As CBS 2's Emily Smith reported Tuesday, an internal review by the Taxi and Limousine Commission found some 4,500 yellow cab and livery drivers had more than six violation points on their licenses. But their licenses have not been revoked, due to a software glitch that dates back a few years.
Six points is the level at which the TLC might suspend or revoke cabbies' licenses. A total of 3,900 drivers had six violations within 15 months, and will be suspended if they don't pay a $1,000 fine. Six hundred drivers may have their licenses revoked for gathering 10 points on their licenses.
Officials said the cabbies weren't flagged due to a computer glitch which has since been fixed.

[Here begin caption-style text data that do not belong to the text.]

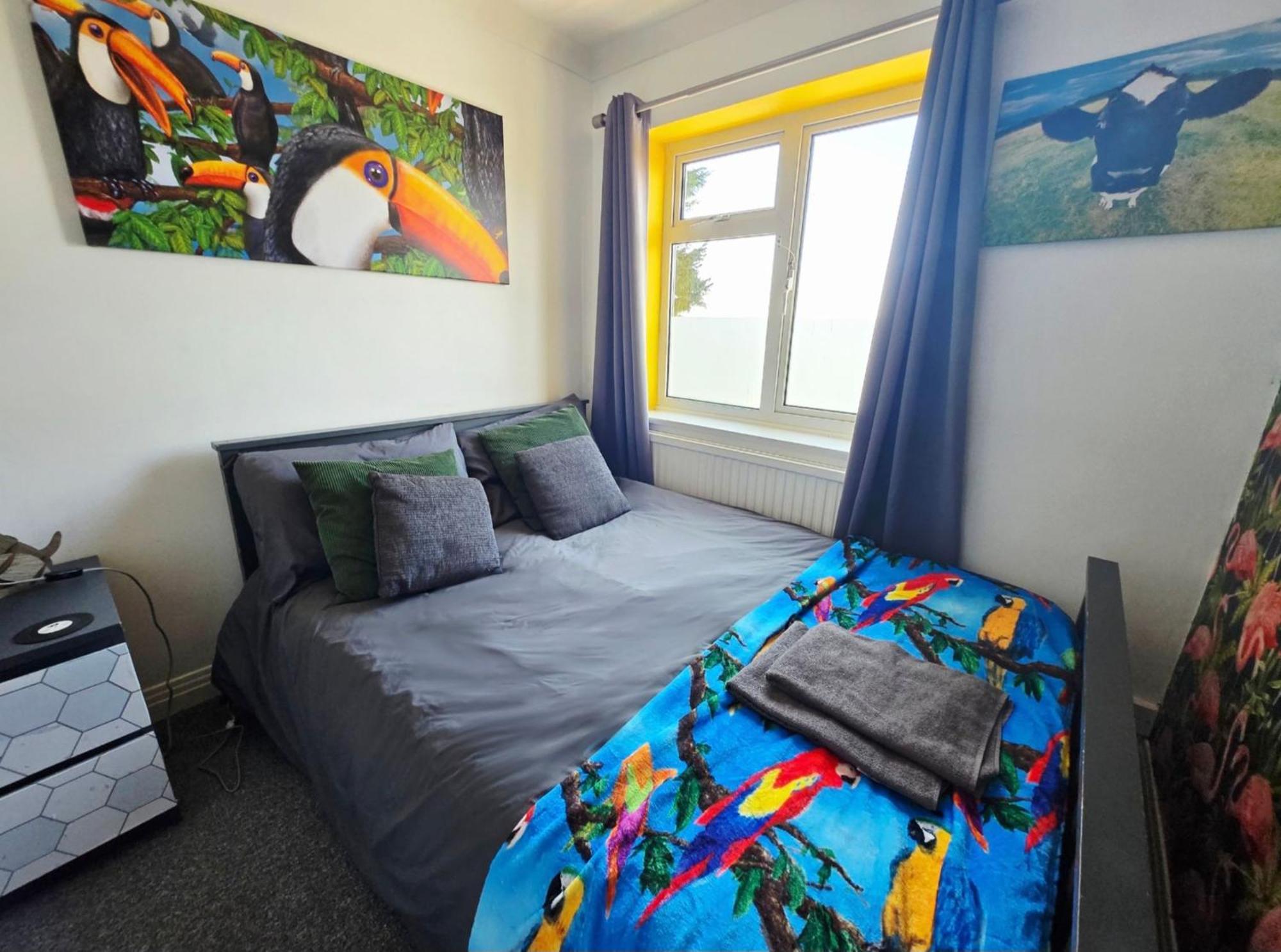 3 Bed House, Stunning Views And Free Parking * Hove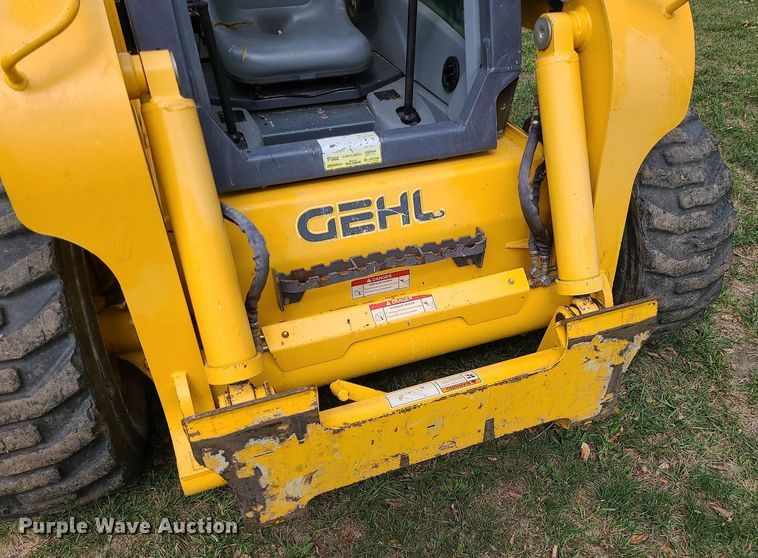image for item DK4104 2005 Gehl 7810  skid steer loader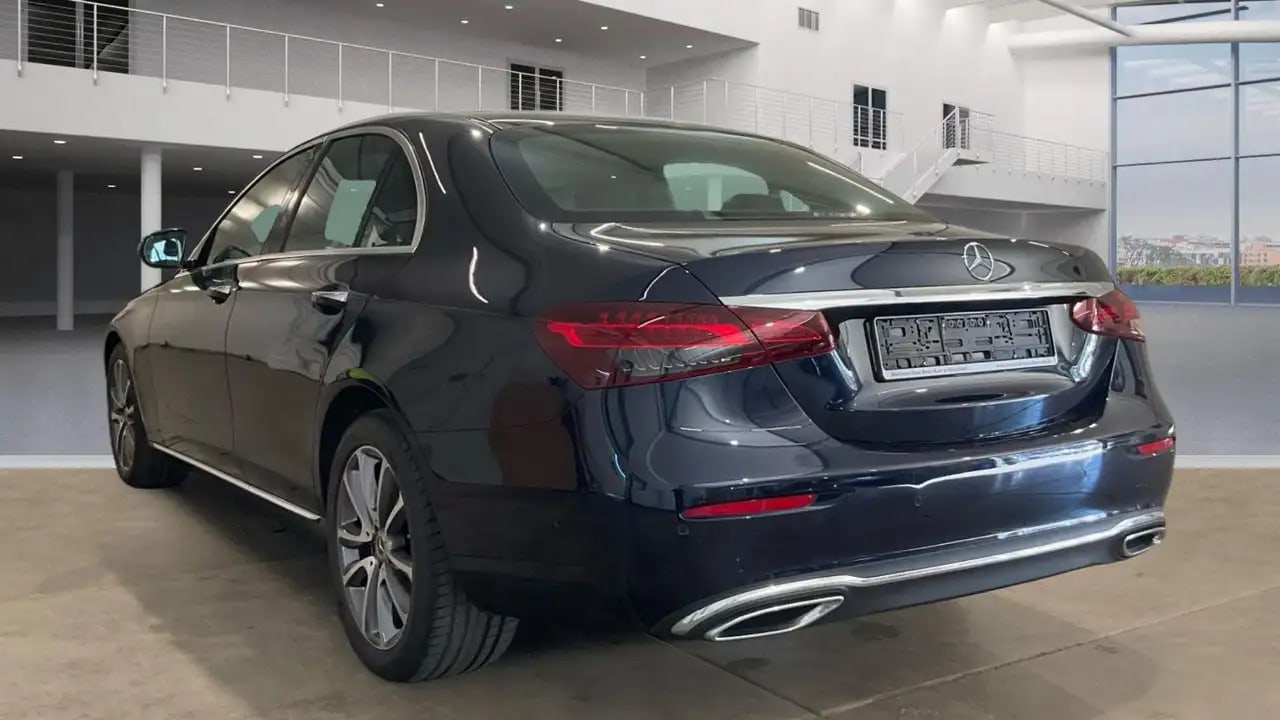 Mercedes-Benz E 400 d Allrad Exclusive Pano*Sthzg*360*Distro*H 3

"There was a data issue so that some drivers who should've been penalized weren't. We fixed it," said TLC Commissioner David Yassky. "Going forward now, we'll make sure that every driver that racks up enough points gets the proper penalty."
The review came after a British tourist lost part of her leg when a runaway taxi struck her in midtown Manhattan.
Sian Green of Leicester said Tuesday on NBC's "Today" show that even seeing a yellow car brings back memories of that day. It was her first public appearance since the Aug. 20 accident, which happened in Rockefeller Center.
The cabbie in the incident said he was startled by an angry bike messenger who banged on his car.
But unbeknownst to the TLC, Mohammed Fisal Himon, the cabbie responsible for the accident, had enough points on his licenses for suspension several months prior.
Ultimately, he surrendered his license and is now eligible to drive a cab again.
"He has not reclaimed his license," Yassky said.
The violations at issue include more than one ticket for speeding, reckless driving, tailgating, and signal violations.
Under the New York State Department of Motor Vehicles point system, speeding costs three to 11 points, reckless driving five points, tailgating four points, and a traffic signal violation three points.
Yassky said penalty notices have now been sent to all the cabbies who for bad driving.
"Going forward, we have a new protocol that is seamless directly into our data tracking system," Yassky said.
But commuters were frustrated Tuesday that the policy has not been enforced in about three years.
"I'm already nervous getting into a cab," said Monique Anderson of Harlem. "But now knowing there's a mistake I'm going to be super nervous."
"I've had the craziest issues with cab drivers," one passenger said.
"They get away with murder, these guys," another said.
And as CBS 2's Hazel Sanchez reported, ome cabbies, such as Mohammad Ali and Igor Shamayev, said the TLC must be held responsible for allowing dangerous drivers to slip through the cracks.
"Many cab drivers are unprofessional," Shamayev said. "I know there's rules -- the streets; signs, but many drivers are unprofessional."
"They should have been off the road," Ali said.
Yassky said if you have any issue with a cab driver, the most important thing you should do is look at the serial number on the cab, the side of the cab and call 311.
Yassky said the lost data issue goes back to 2009. There are 110,000 cab drivers in New York City.